Here’s a lightweight setup you can run locally in minutes.

Why do this? #

Native issue search is great for simple keyword matches, but it struggles with synonyms, context, and multi-sentence questions. By storing text embeddings in PostgreSQL with pgvector, we can perform semantic search over GitHub issues and ask questions like “What are users asking for around Azure?” — and get meaningful, contextual answers.

What we’ll build #

  • Sync: CloudQuery pulls open issues from cloudquery/cloudquery into PostgreSQL.
  • Embed: The PostgreSQL destination’s pgvector config splits issue content into chunks and stores embeddings.
  • Ask: A small Python script embeds your question, uses pgvector similarity to fetch the most relevant issue chunks, and calls OpenAI to answer concisely.

Prerequisites #

  • PostgreSQL with pgvector: PostgreSQL 14+ (15+ recommended) with the pgvector extension installed (CloudQuery automatically enables it for your database).
  • Python 3.10+ with openai and psycopg2-binary packages.
  • OpenAI API key with access to text-embedding-3-small and a chat model (e.g., gpt-4o-mini).
  • GitHub token with repository read access (a Personal Access Token is sufficient).
Export the environment variables (the YAML below will expand them automatically):
export GITHUB_TOKEN="ghp_..."            # your GitHub PAT
export OPENAI_API_KEY="sk-..."           # your OpenAI API key
export POSTGRES_CONNECTION_STRING="host=localhost dbname=github user=postgres password=..."
# optional overrides
export EMBEDDING_MODEL="text-embedding-3-small"
export COMPLETION_MODEL="gpt-4o-mini"

CloudQuery config #

Create github_to_postgresql.yaml with the following content:
kind: source
spec:
  name: github
  path: cloudquery/github
  registry: cloudquery
  version: "v14.1.0"
  tables: ["github_issues"]
  destinations: ["postgresql"]
  spec:
    access_token: "${GITHUB_TOKEN}" # Personal Access Token, required if not using App Authentication.
    repos: ["cloudquery/cloudquery"]
    table_options:
      github_issues:
        state: "open" # e.g. "open, all, closed", defaults to `all`

---
kind: destination
spec:
  name: "postgresql"
  path: "cloudquery/postgresql"
  registry: "cloudquery"
  version: "v8.9.0"
  write_mode: "overwrite-delete-stale"
  spec:
    connection_string: ${POSTGRES_CONNECTION_STRING}
    pgvector_config:
      tables: 
        - source_table_name: github_issues
          target_table_name: github_issues_embeddings
          embed_columns: ["title", "body"] # list of columns to embed
        #   metadata_columns: [] # list of columns to copy from the source table as metadata
      text_splitter:
        recursive_text: # default text splitter
          chunk_size: 1000
          chunk_overlap: 500
      openai_embedding:
        api_key: ${OPENAI_API_KEY}
        model_name: text-embedding-3-small # the model to use for embedding
        dimensions: 1536 # the number of dimensions the embedding model is generating
Run the sync:
cloudquery sync github_to_postgresql.yaml
CloudQuery will create and populate github_issues and will also generate chunks and embeddings into github_issues_embeddings using pgvector.
Quick sanity checks:
-- Latest issues
SELECT number, title, state, updated_at
FROM github_issues
ORDER BY updated_at DESC
LIMIT 5;

-- Embeddings: confirm chunking and vector dimensions
SELECT LEFT(chunk, 120) AS chunk_preview,
       vector_dims(embedding) AS dims
FROM github_issues_embeddings
LIMIT 3;

Ask questions with a tiny Python script #

Set up a virtual environment (pyenv or venv both work).
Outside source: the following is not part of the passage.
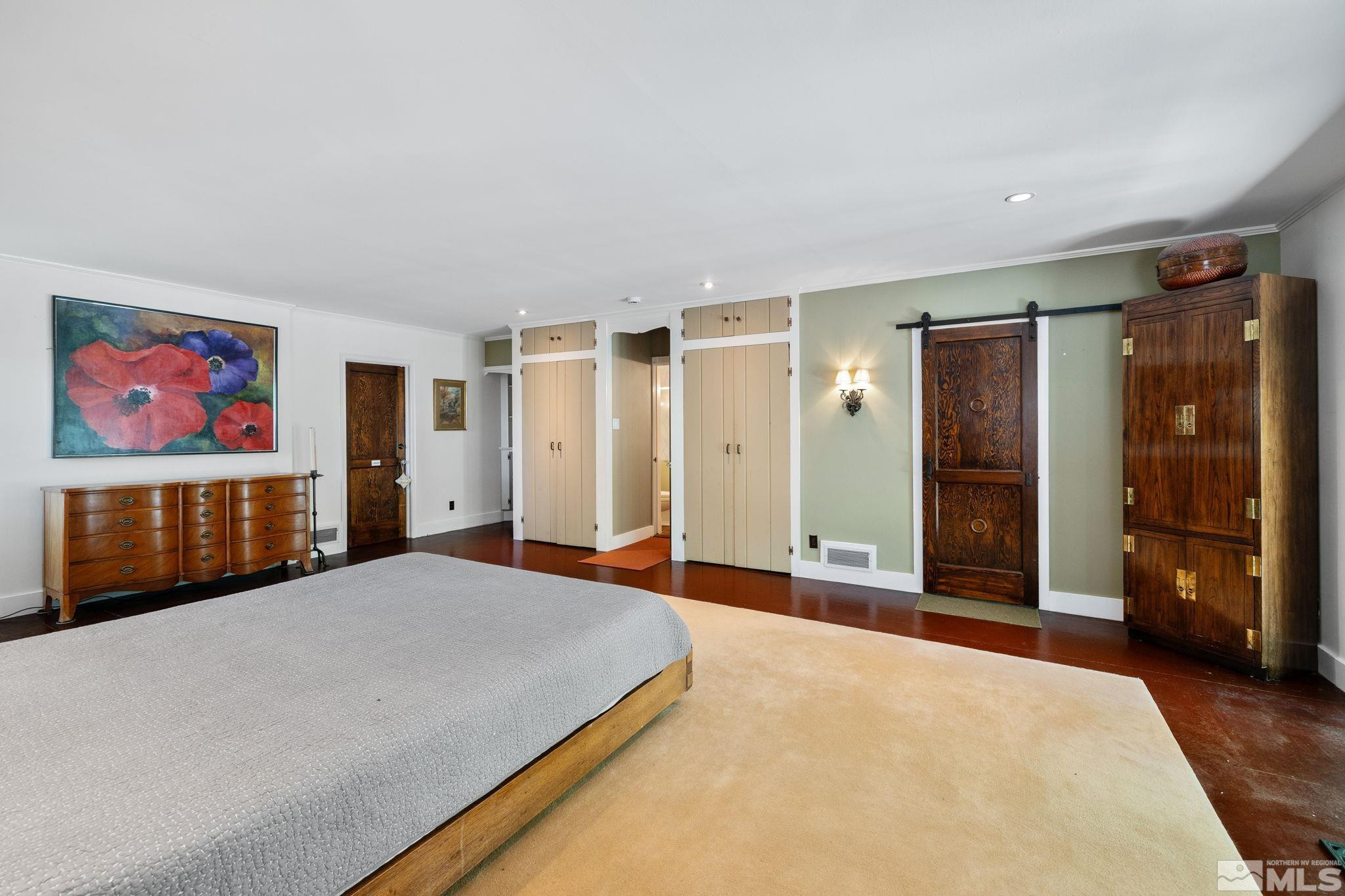 1555 Marsh Avenue Reno, NV 89509 - Photo 25 of 66 Photo 20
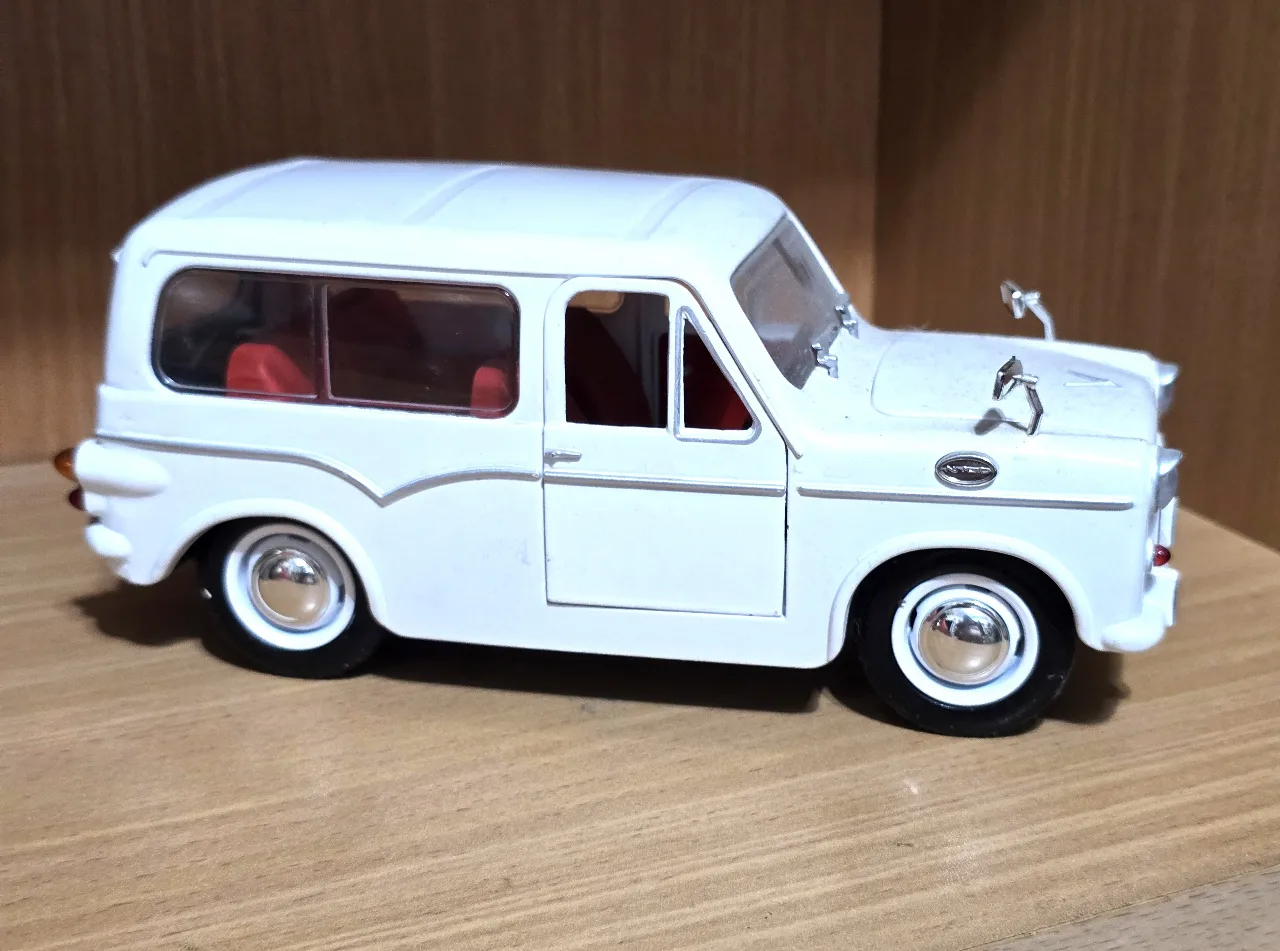 דגם מכונית סוסיתא קוביה מודל 1965, עשוי מתכת Dia-Cast ביחס 1/18, דלתות, מכסה מנוע ודלת אחורית נפתחים, 7x21x9 ס"מ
Here’s a minimal venv flow:
python3 -m venv .venv
source .venv/bin/activate
pip install --upgrade pip
pip install openai psycopg2-binary
Create main.py:
import psycopg2
import sys
from openai import OpenAI
import os

# ----------------------------
# CONFIG
# ----------------------------
OPENAI_API_KEY = os.getenv("OPENAI_API_KEY", "sk-proj-.....")
POSTGRES_CONNECTION_STRING = os.getenv("POSTGRES_CONNECTION_STRING", "host=localhost dbname=github user=postgres password=...")
EMBEDDING_MODEL = os.getenv("EMBEDDING_MODEL", "text-embedding-3-small")
COMPLETION_MODEL = os.getenv("COMPLETION_MODEL", "gpt-4o-mini")
CONTEXT_CHUNK_COUNT = 5
# ----------------------------

client = OpenAI(api_key=OPENAI_API_KEY)

def get_query_embedding(query: str):
    resp = client.embeddings.create(
        input=query,
        model=EMBEDDING_MODEL,
    )
    return resp.data[0].embedding

def get_most_similar_chunks(query_embedding, limit=5):
    """
    Searches pgvector table for the most similar chunks.
    """
    conn = psycopg2.connect(POSTGRES_CONNECTION_STRING)
    cur = conn.cursor()

    # Using <-> operator for cosine similarity in pgvector
    sql = """
    SELECT chunk
    FROM github_issues_embeddings
    ORDER BY embedding <-> %s::vector
    LIMIT %s
    """
    # Convert Python list to pgvector literal string: "[v1,v2,...]"
    embedding_literal = "[" + ",".join(str(v) for v in query_embedding) + "]"
    cur.execute(sql, (embedding_literal, limit))
    results = [r[0] for r in cur.fetchall()]
    cur.close()
    conn.close()
    return results

def answer_question(query):
    # Step 1: Embed the query
    query_emb = get_query_embedding(query)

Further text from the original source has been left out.